Mi clase de Educación Física

Cuando era niña detestaba la clase de Educación Física, me parecía un terrible pretexto para restarle quince minutos a mi clase favorita, la de Inglés. Supongo que la mayoría de los niños no compartían mi opinión pero yo prefería estar sentada en el salón de clases y escuchar la lección, a estar en el patio o el jardín y tener que soportar el calor o el frío, según la temporada. Por supuesto que lo peor no era el clima sino el profesor que invariablemente daba órdenes desde el comienzo de la clase. El calentamiento iniciaba y el no movía nada más que su boca, puesto que contaba las múltiples series de ejercicios que nos ordenaba repetir: "Uno, dos, tres, cuatro, ¡Vamos, no se queden paradas o volverán a hacer el ejercicio!
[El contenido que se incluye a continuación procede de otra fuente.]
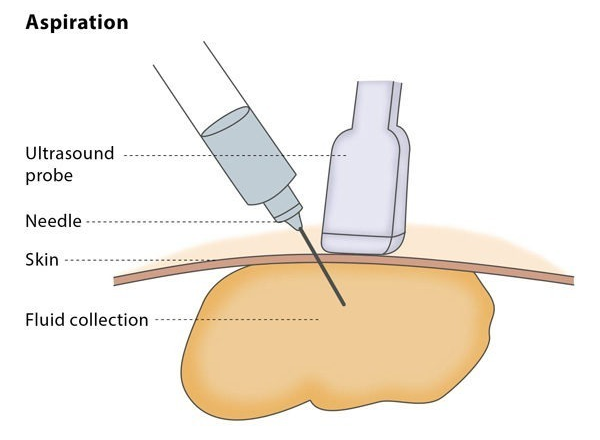 Varicose Veins Doctor in Jaipur, Spider Veins Specialist in Jaipur, Best Thyroid Ablation Specialist in Jaipur, Uterine Fibroid Treatment in Jaipur, Fibroids Surgeon in Jaipur, Dr Manish Rajput, ED Specialist Jaipur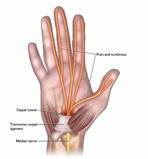 Image result for wrist tendon ligament carpal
Así continuaba la clase y mientras todas sudabamos él se mantenía tan fresco como una lechuga. Sus únicos esfuerzos consistían en los que realizaban sus cuerdas vocales y sus pulmones porque también era un aficionado al silbato. En ese entonces me imaginaba cómo el profesor, fuera de la escuela, podía llevar una conversación normal, si la mayoría de las veces terminaba las palabras con un silbatazo o utilizaba una técnica en donde alternaba palabras y pitidos.

Nunca me he podido explicar por qué siendo él un experto en la Educación Física, nunca hizo siquiera una flexión para recoger cualquier objeto que se le escurría de sus rechonchas y torpes manos. Siempre se limitó a ordenarnos algo que nunca en su vida había hecho, como correr alrededor del campo de fútbol de la escuela.

A qué viene todo esto, pues sencillo, a que acabo de recibir un correo cadena en donde se enumeran diversos estereotipos del "odiado jefe". De verdad que me hizo pensar en el mío y en su parecido con mi profesor de Educación Física.

Malditos correos cadena, cómo quitan el tiempo, pero cuántas anécdotas nos recuerdan.